MAY 15, 2007
VOLUME 4 NO. 9

PATIENTS & PRACTICE

MDs seduced by technology

Coronary angiography used in ON before benefits proven, says study


Coronary angiography snapshot

Coronary angiography is an invasive procedure used to check on the heart's blood vessels and chambers. A small tube is inserted into the heart, usually via the arm or leg, and a dye is released, allowing damage to the heart to be seen in x-ray. Angiography is normally done in conjunction with catheterization. Risks associated include arrhythmias, artery damage and cardiac tamponade.

Cardiologists in Ontario increased their use of coronary angiography following acute myocardial infarction (AMI) dramatically in late 1998 — 11 months before the first positive trial results appeared in the literature. That's the rather surprising finding of a new Canadian study published in the April 23 issue of the Archives of Internal Medicine. Interestingly, the use of cholesterol-lowering statins post-AMI, which peaked around the same time, occurred almost four years after the benefits of such treatment had been published.

"We looked at statins as a control comparison. Unlike with coronary angiography, the inflection point of their usage followed the establishment of clear scientific evidence showing their effectiveness," says Dr David Alter, the study's lead investigator and a cardiologist at Sunnybrook and Women's College Health Sciences Centre.

TECH ON TRIAL
Dr Alter and his colleagues considered the FRISC II trial, published in The Lancet in 1999, to be the first randomized controlled trial showing the benefit of post-AMI angiography.
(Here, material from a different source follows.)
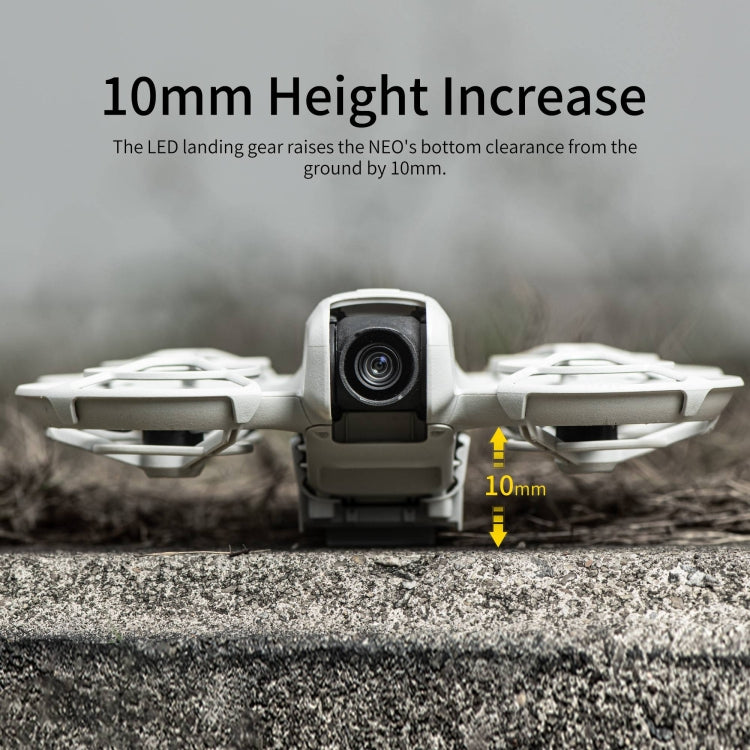 Soporte de entrenamiento para tren de aterrizaje elevado anticaídas plegable con luz LED para DJI Neo STARTRC, For DJI Neo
With regards to statins, they looked at the Scandinavian Simvastatin Survival Study (4S) that appeared in the same journal in 1994 as the first report favouring the use of statins for secondary prevention of coronary artery disease.

The spike in statin prescriptions came after a considerable delay, whereas coronary angiography was provided to both high- and low-risk AMI populations before FRISC II's publication — regardless of whether the admitting hospitals had on-site capacity to perform the procedure.
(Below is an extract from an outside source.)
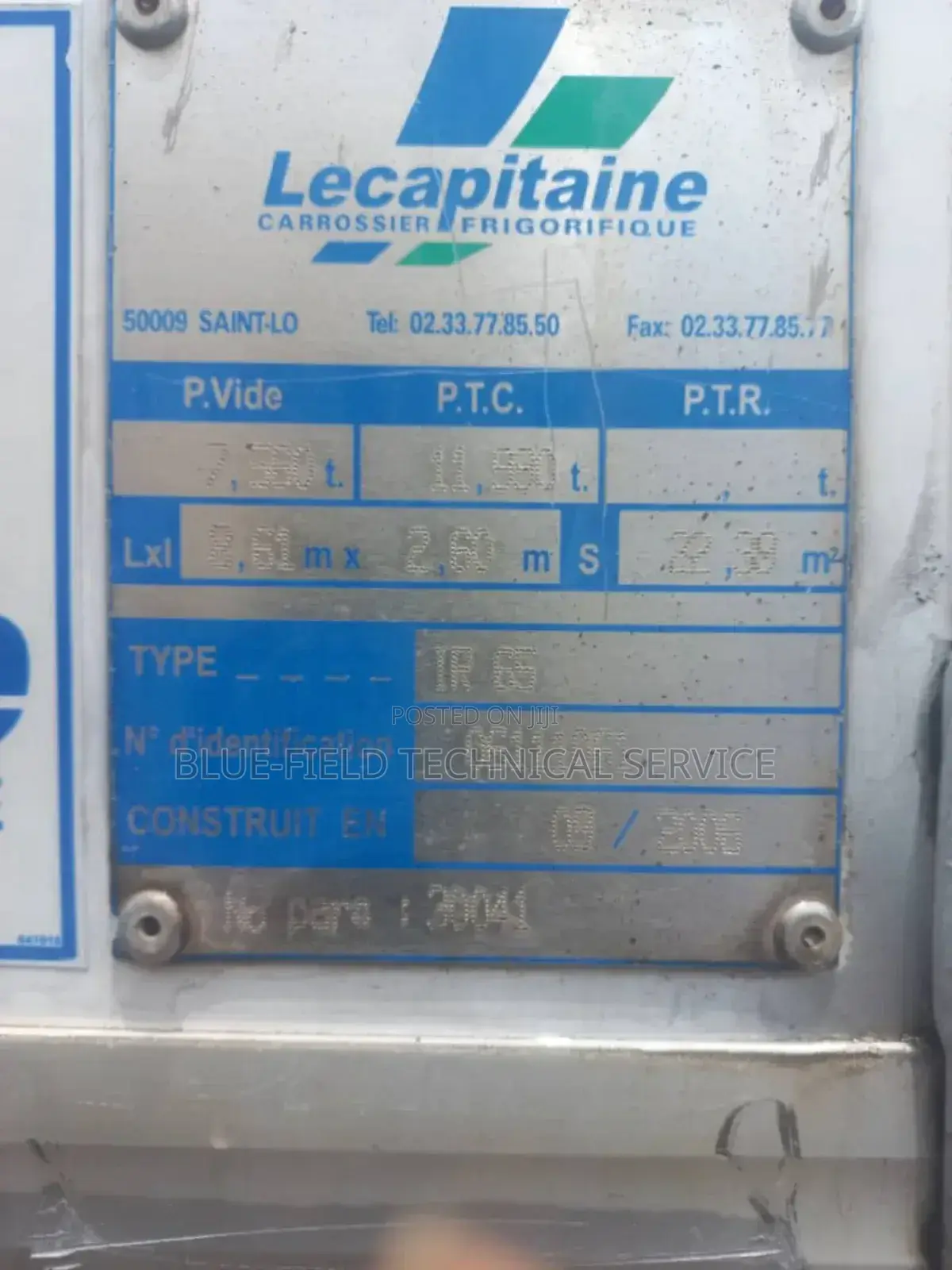 Truck For Hire (Cold Dry Load)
Dr Alter's study looked at AMI patients over 65 admitted to hospital in Ontario between 1992 and 2004, examining the use of in-hospital angiographies, as well as statin use within 30 days of post-hospital discharge. According to Dr Alter and his colleagues, the initial growth in capacity and subsequent use of angiography was likely driven by 'perceived' population needs, as well as the lure of a new technology.

"I find it alarming that physicians' perceptions of how well something works, rather than the best science, is driving medical practice," says Dr Alter, adding that while evidence of the benefits of coronary angiography post-AMI did eventually emerge, this was "a bit of good luck and clairvoyance." "There are several technologies that were thought to be good and utilized en masse. But ultimately, there's been a surprising lack of evidence supporting them and even a potential they may cause harm." He mentions drug-eluting stents as an example. The stents were initially considered good for the majority of people undergoing angioplasty, but recent studies have thrown this practice into question.

SONG OF EXPERIENCE
Dr Lyall A Higginson, president of the Canadian Cardiovascular Society and a cardiologist in Ottawa, could not disagree more. "There is often a gap of a year or longer between the time scientific evidence is known within the medical community and when it is published," he argued, adding that, "we knew several months before FRISC II that there were benefits to angiography and possible revascularization for people who had AMIs. In fact, the Thrombolysis in Myocardial Infarction IIIb trial, published in 1995, showed that there were shorter hospitalizations, fewer re-admissions, fewer recurrent symptoms and half the need for invasive assessment if cardiac catheterization was done early." In Dr Higginson's opinion, all FRISC II did was prove what Ontario cardiologists knew all along.

But both physicians agree invasive procedures like this shouldn't normally be used pre-emptively. "The problem is, when we have it wrong about a technology, it can be devastating to patients and subjects them to unnecessary tests and interventions, some of which can be harmful," says Dr Alter. "Also, enormous amounts of money are spent on these technologies, some of which might have been better spent elsewhere."

He admits that diagnostic and interventional technologies have an important place in medicine, but believes that most lack either rigourous scientific evidence showing their benefit or study into whether increasing investment has led to better patient outcomes. "Pouring money into angiography, MRI or other diagnostic procedures to shorten waiting lists is great for optics, but it isn't clear that the demand itself is justified," argues Dr Alter.

Dr Alter says that policymakers should raise the bar of approval for medical technologies and demand more clinical trials. Likewise, evaluative field studies should be conducted after approval to ensure that resources are being allocated appropriately and used effectively.